On sent ici, peu à peu, le ton se hausser comme lorsqu'on approche des explications décisives. On peut en déduire que les questions économiques ne tarderont pas à être reprises. La presse russe est plus nerveuse que ces derniers jours. Un long communiqué et une dépêche non moins longue de l'agence Tass critiquent la politique américaine.

Dans les couloirs de l'hôtel Moskowa, qui ont retrouvé un peu de leur vie, on rapproche ce fait du rappel par l'URSS de son ambassadeur à Athènes et des réactions assez vives de la Pravda et des Izvestia au nouveau discours du président Truman. On atteint ce degré de tension qui précède aussi bien les grands compromis que les ruptures.

Toutefois, ce climat des couloirs, ne paraît pas s'étendre jusqu'au club des aviateurs.
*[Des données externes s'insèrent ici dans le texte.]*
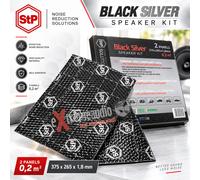 STP Black Silver de 375 x 265 x 1,8 mm Type Speaker Kit (2pcs) 73910126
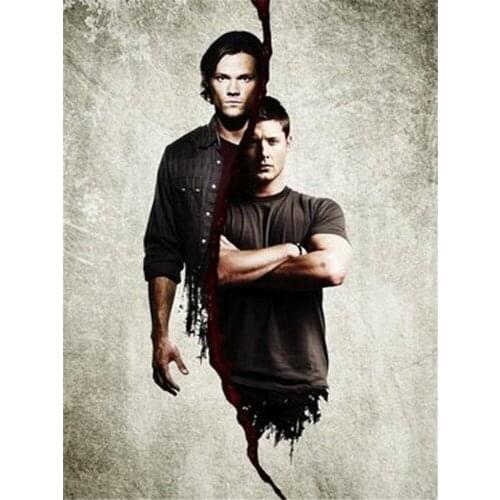 Supernatural Printed Canvas 11CT Cross-Stitch Embroidery Kit DMC Threads Handicraft Painting Handiwork Handmade Magic Jewelry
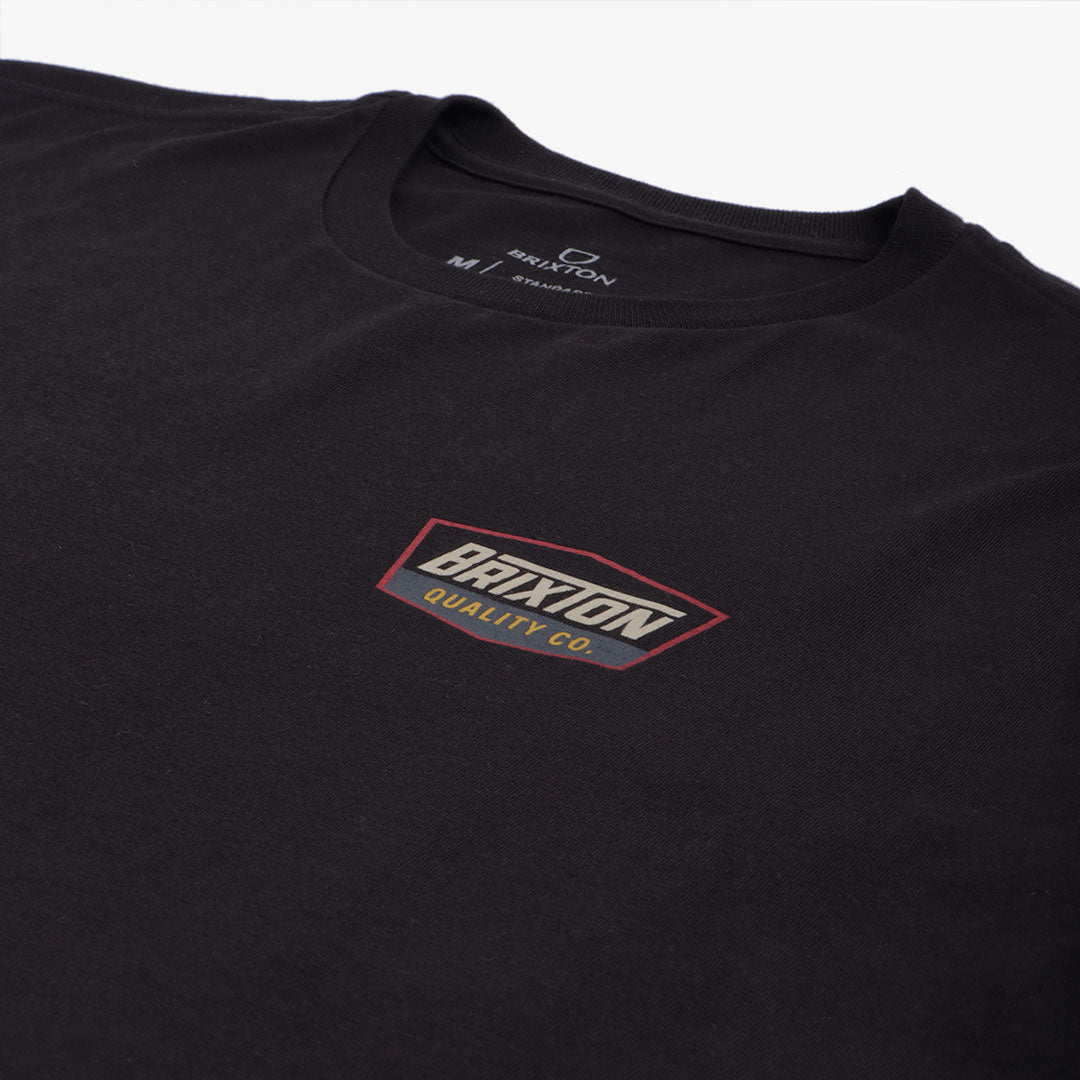 Brixton Regal T-Shirt, Black Sand, Detail Shot 3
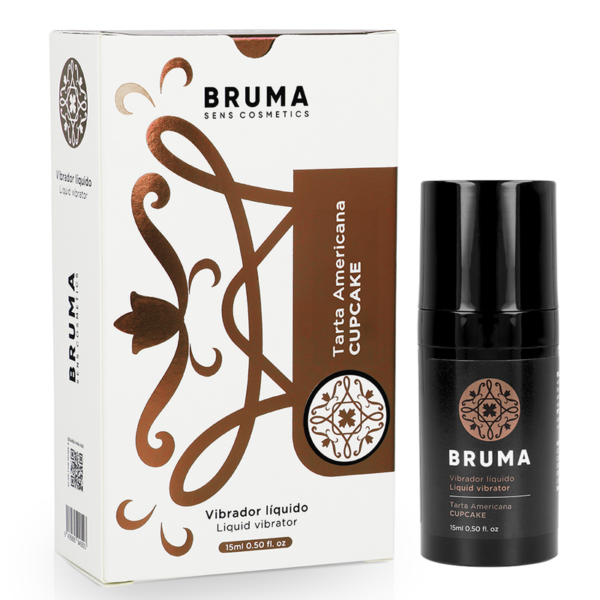 BRUMA – VIBRADOR LÍQUIDO ULTRA DESLIZANTE CUPCAKE 15 ML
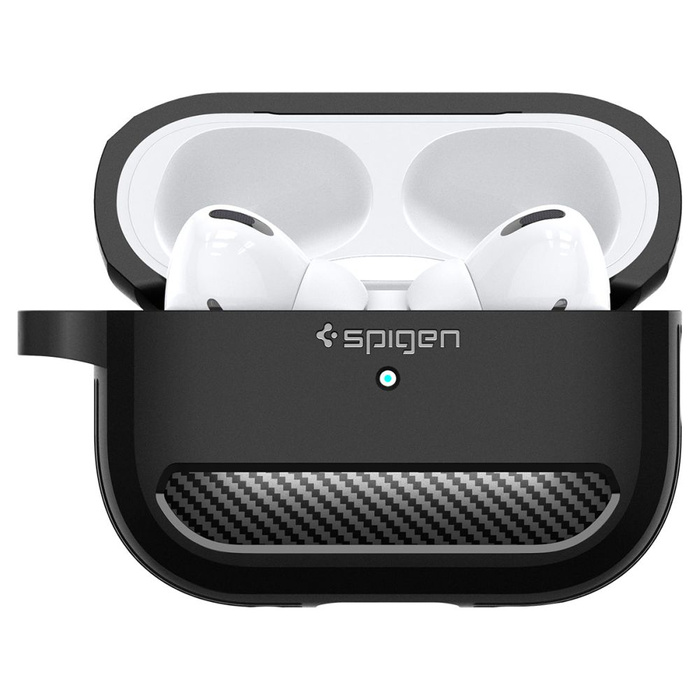 Etui Spigen Rugged Armor Apple Airpods Pro 1 / 2 Matte Black Case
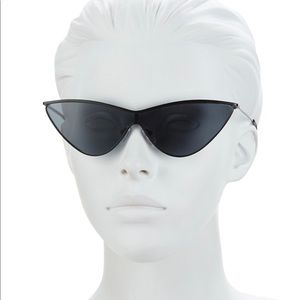 Cat Eye Sunglasses -  Black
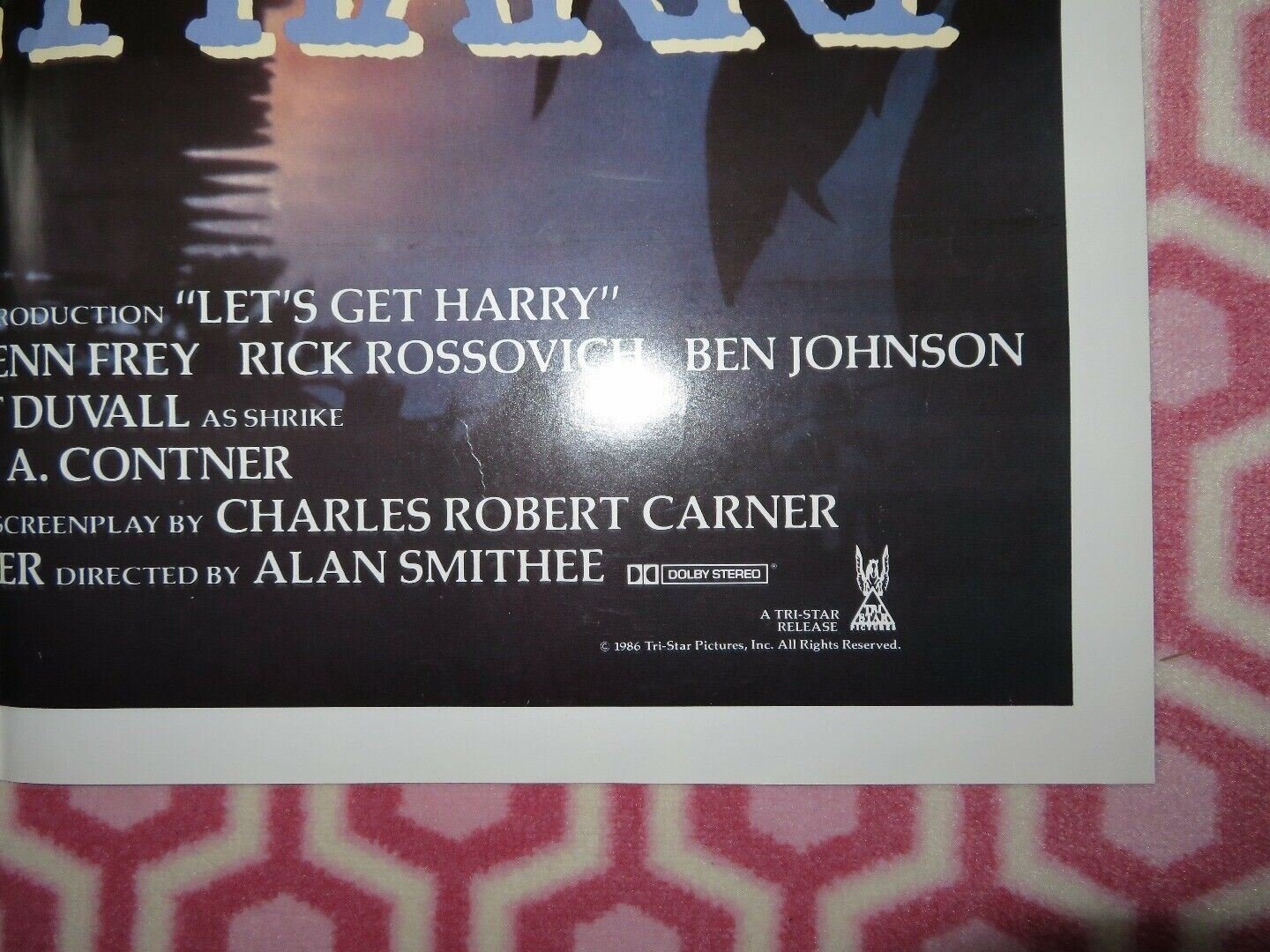 LET'S GET HARRY ONE SHEET POSTER MARK HARON GARY BUSEY ROBERT DUVAL Movie posters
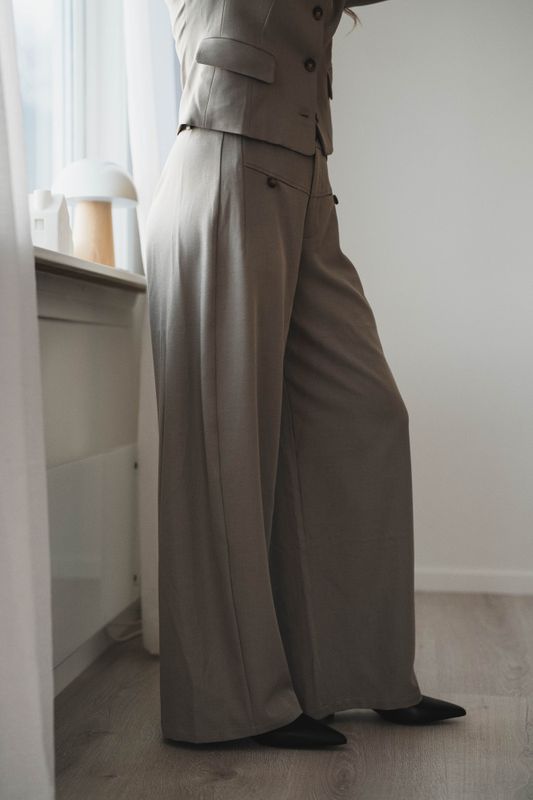 Massie Structure Pants Warm Grey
C'est dans la lassitude que les ministres ont siégé, une lassitude que M. Bevin ne cachait même pas. S'il s'est résolu à retarder de plusieurs jours l'arrivée de son train spécial, ce n'est visiblement pas de gaité de cœur.

On le comprend, car cette réunion fut profondément décevante. N'entendit-on pas M. Molotov demander que les Allemands décident eux-mêmes, par voix de plébiscite, s'ils désirent une constitution unitaire ou fédérale ? Consulter les Allemands. On ne peut que faire la déclaration émue, pathétique même, de M. Bevin :

« Comment, a-t-il dit en substance, peut-on remettre un tel choix entre les mains d'un peuple qui, deux fois, a plébiscité Hitler et qui a accepté la guerre ? Je n'accepterai jamais que les Allemands choisissent leur constitution, car la constitution de l'Allemagne n'est pas seulement une question allemande, tous les pays y sont intéressés, car leur sécurité en dépend. On ne peut pas faire confiance à un peuple dégénéré. L'Allemagne est trop près de nous et trop dangereuse. » Et il conclut :

« Je ne saurais même pas discuter la proposition soviétique, elle est contraire aux instructions que j'ai reçues ».
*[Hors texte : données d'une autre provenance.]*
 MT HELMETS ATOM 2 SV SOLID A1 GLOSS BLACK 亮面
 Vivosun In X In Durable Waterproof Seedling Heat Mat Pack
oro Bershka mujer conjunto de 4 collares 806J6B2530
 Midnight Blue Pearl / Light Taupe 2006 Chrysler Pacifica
M. Georges Bidault n'a pu que dire son accord profond avec M. Bevin. Puis on passa à une discussion fort confuse sur le conseil consultatif allemand qui devrait assister le conseil interallié de contrôle et sur la création d'un gouvernement provisoire allemand. Discussion technique dans le  détail de laquelle je n'entrerai pas, car les ministres et même leurs experts paraissaient la suivre avec peine. Jamais on a eu si fortement l'impression que la plupart des questions portées à l'ordre du jour de Moscou n'étaient pas mûres. Chacune des délégations sait-elle elle-même, de façon précise, ce qu'elle veut ? Ce serait un jeu de relever à travers les rapports du Comité de coordination leur flottement et même leurs contradictions.

Sans doute devrait-on, à cette conférence, être moins pressé et se contenter de résoudre les problèmes les plus immédiats. Sinon on perdra son temps et on ne parviendra même pas à un accord pour franchir les plus proches étapes. Qu'on s'entende sur les administrations centrales allemandes et sur la création du conseil consultatif allemand au près du conseil interallié de contrôle. Puis qu'on laisse aux chancelleries réfléchir, ajuster leurs vues, converser. Comme me le disait un diplomate à la sortie du conseil des ministres : « Si on peut tout résoudre à Moscou, finalement on n'y résoudra rien ».